This work of multimedia art, Digital Forest, is the result of a joint effort by Yoo Gwan-Ho and Takashi Kokubo, each of whom has successfully made unique artistic achievements in different genres. In this work, the artists try to express the digital environment symbolically by expanding sensory perception. What Yoo and Takashi focused on is how they can reduce the world of non-materials (including the world of virtual reality created by computer) to the world of matters. For this, they tried to expand the spectrum of the visual world by using computer that can capture the subtle changes of colors that human eyes are not able to perceive.

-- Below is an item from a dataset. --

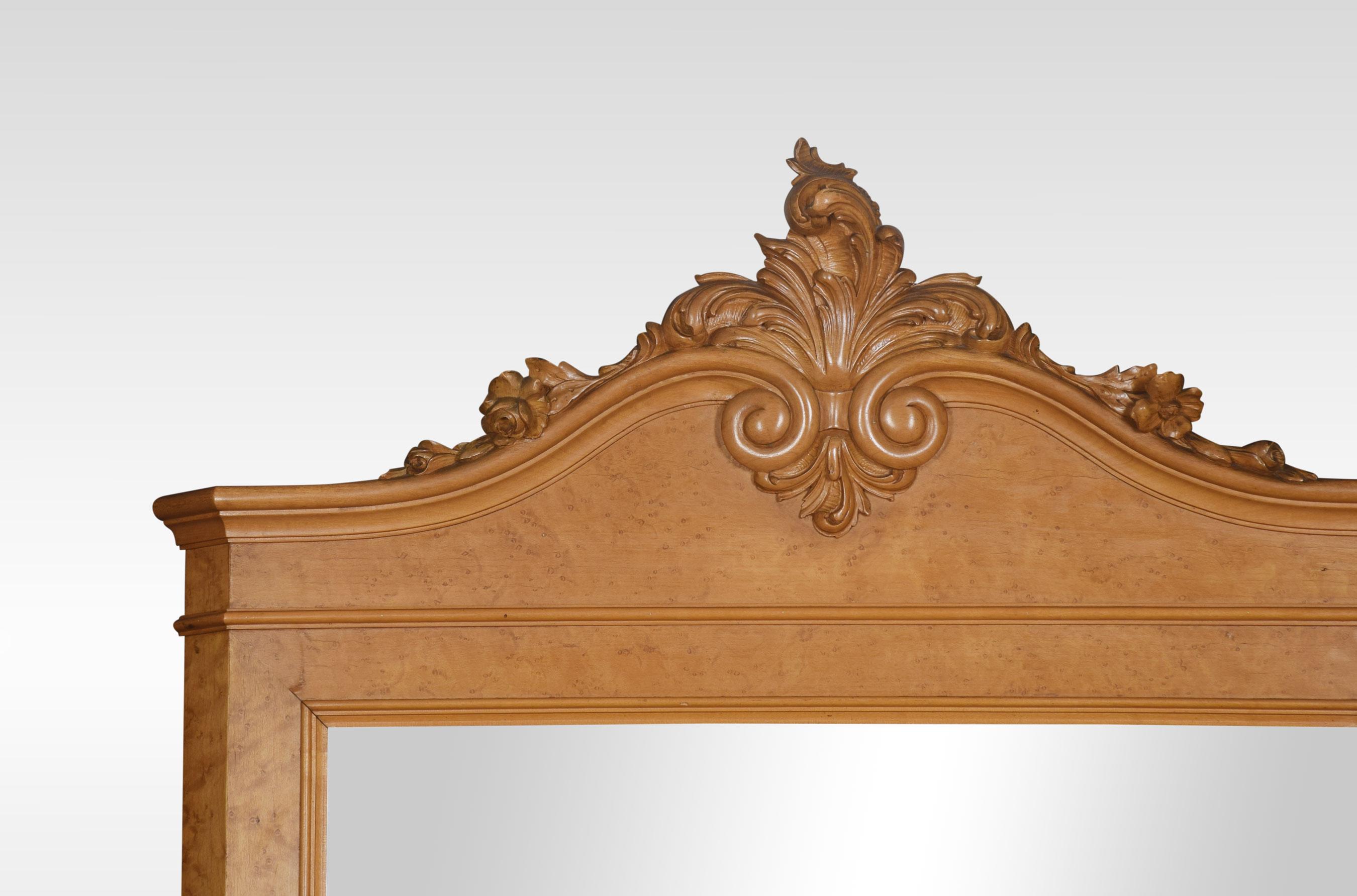 Birdseye maple chest of drawers with mirror back having carved scroll pediment above large rectangular mirror encased in a maple frame. The chest with unusual marble top above four graduated drawers fitted with well-casted brass handles all raised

Yoo used “Paint Box”, a computer graphic program developed by a British company Quintel, for scanning, coloring as well as imprinting images made of dramatic brush strokes and delicate shades on stainless steel boards arranged in zigzag along the walls of an exhibition hall with the screens illuminated by special lighting. In another room, more stainless steel boards of geometrical shapes are installed both at the center and by the walls in such a way that the colors of Paint Box create a fantastic atmosphere helped by moving lights of all colors shed from walls.
Yoo’s visual work is then amalgamated with the digital ‘environmental sounds’, sounds recorded from nature by Takashi Kokubo. Takashi’s sounds can also be explained in the same context of the installed figurative work:
The ‘single sound space of multi-layers’ can be compared with the “painting that plays music” in which a complex virtual sound space is created by variations that are played around a thematic sound. The space thus created makes viewers feel as if they are in the middle of, say, Grand Canyon. The ‘multi sound space of multi-layers’ is created as a space of virtual reality that is interactive with the space of painting created by sounds.